When Aegon III returned her smile and said, “Thank you for coming, my lady, you look very pretty,” even Lord Unwin Peake surely must have known that the game was lost. The last few maidens were brought forward hurriedly to do their turns, but the king’s desire to put an end to the parade was so palpable that poor Henrietta Woodhull was sobbing as she curtsied. As she was led away, King Aegon summoned his young cupbearer, Gaemon Palehair. To him was given the honor of making the announcement. “His Grace will marry Lady Daenaera of House Velaryon!” Gaemon shouted happily.

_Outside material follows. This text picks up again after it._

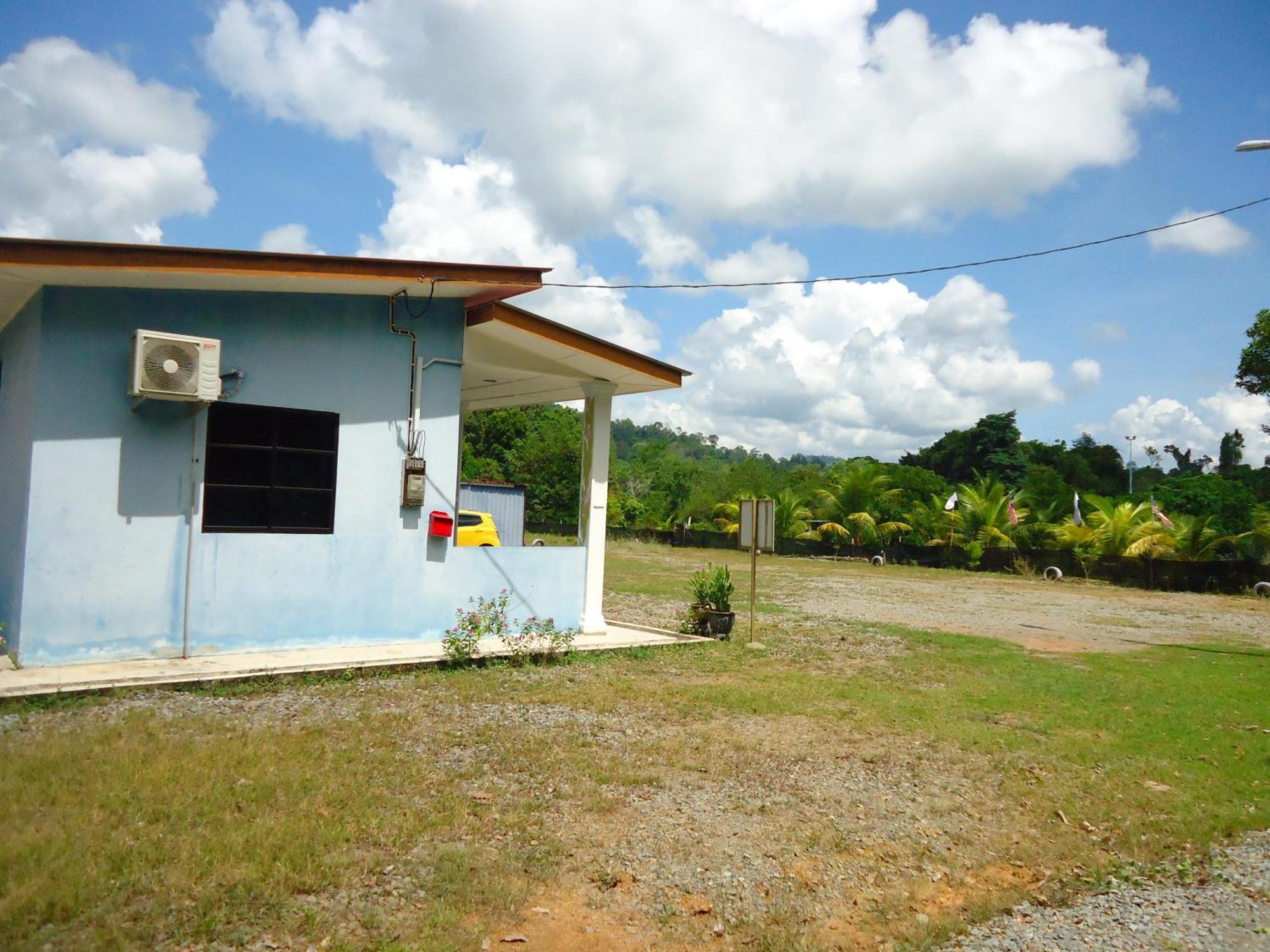 Lodge D'pinggir Guest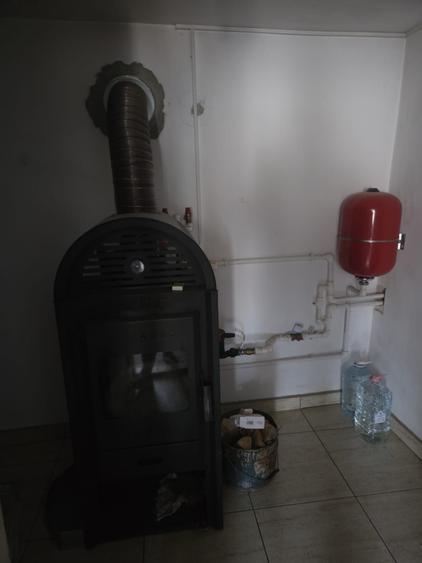 Casă cu 4 camere în Țipărești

Caught in a snare of his own making, Lord Unwin Peake had no choice but to accept the king’s decision with as much grace as he could muster. In a council meeting the next day, however, he gave vent to his wroth. By choosing for his bride a girl of six, “this sulky boy” had thwarted the entire purpose of the marriage. It would be years before the girl was old enough to bed, and even longer until she could hope to produce a trueborn heir. Until such time the succession would remain clouded. The foremost duty of a regency was to guard the king against the follies of youth, he declared, “follies such as this.” For the good of the realm, the king’s choice must be set aside, so that His Grace might marry “a suitable maid of child-bearing age.”

“Such as your daughter?” asked Lord Rowan. “I think not.” Nor were his fellow regents more sympathetic. For once, the council remained adamant, defying the Hand’s wishes. The marriage would proceed. The betrothal was announced the next day, as scores of disappointed maidens streamed out the city gates for home.

King Aegon III Targaryen wed Lady Daenaera on the last day of the 133rd year since Aegon’s Conquest. The crowds that lined the streets to cheer the royal couple were significantly smaller than those who had come out for Aegon and Jaehaera, for the Winter Fever had carried off almost a fifth of the population of King’s Landing, but those who did brave the day’s bitter winds and snow flurries were delighted with their new queen, charmed by her happy waves, flushed cheeks, and shy, sweet smiles. Ladies Baela and Rhaena, riding just behind the royal litter, were greeted with exuberant cheers as well. Only a few took note of the King’s Hand farther back, with “his face as grim as death.”